In some matters, only after time and costs are spent pursuing or investigating a case, it is determined that the case has no merit, or, that no financial recovery is possible.
In all cases, the client remains responsible for the costs of exploring, investigating, filing and/or pursuing their injury/death claim. Whether costs advanced by the lawyer are ever recovered from the client who is economically no able to pay those costs is simply a business risk undertaken by the attorney.
FEES IN CRIMINAL CASES
Again, Woody Nesbitt uses a written contract for any and all cases he handles.

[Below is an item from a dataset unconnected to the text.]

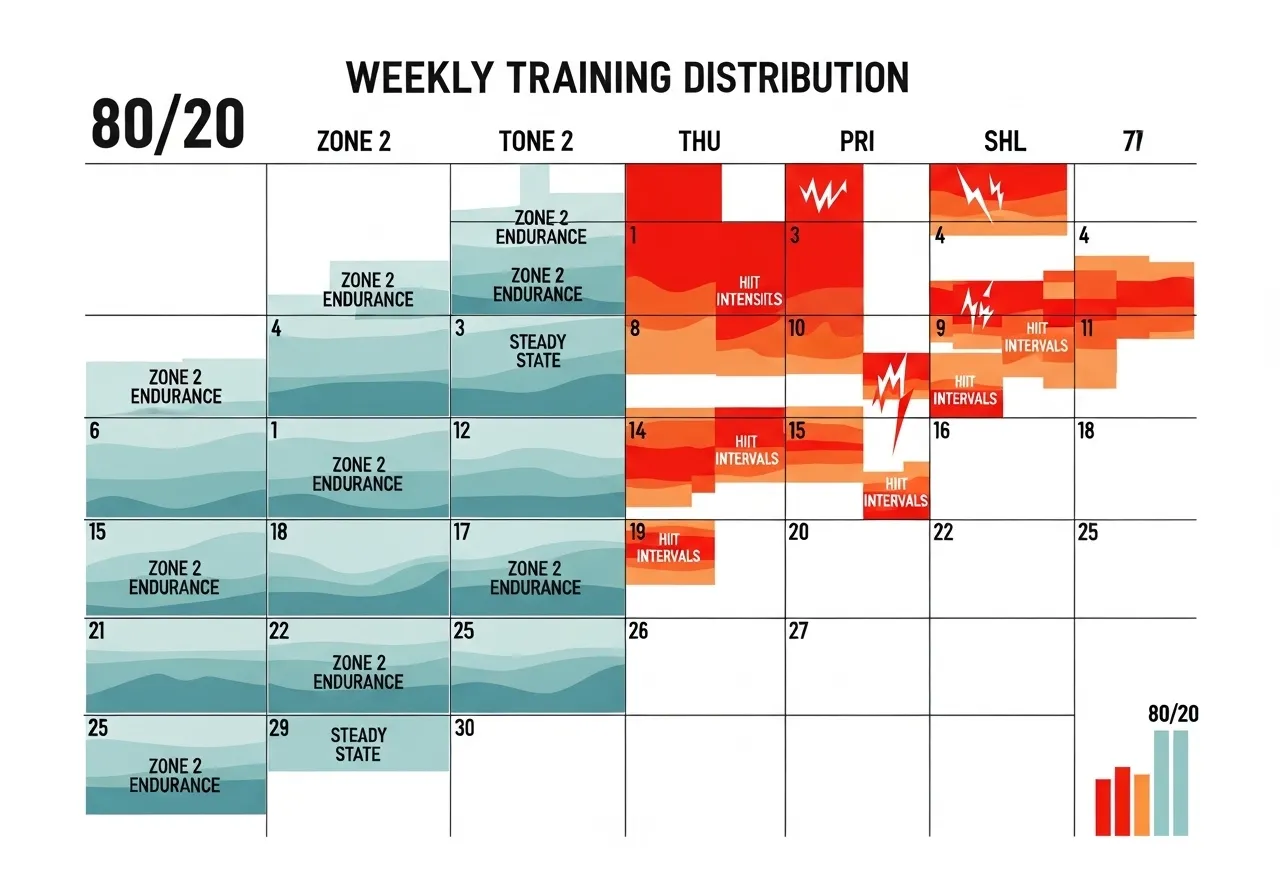 polarized training 80 20 distribution Zone 2 HIIT weekly structure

Fees in criminal cases are usually paid in full, up front, but with contingent additional fees being identified and set in the event certain “steps” in the criminal prosecution occur.
In some rare instances, a partial fee is paid, and, a “pay plan” is developed and set forth in the contract.
For reasons that are discussed with each client, there are variables, unknowns, risks and possible developments unique to each case that cause fee agreements in criminal cases to be different than those in family law or injury cases.
The client always remains responsible to pay for the costs associated with their case, as may be identified in their written contract.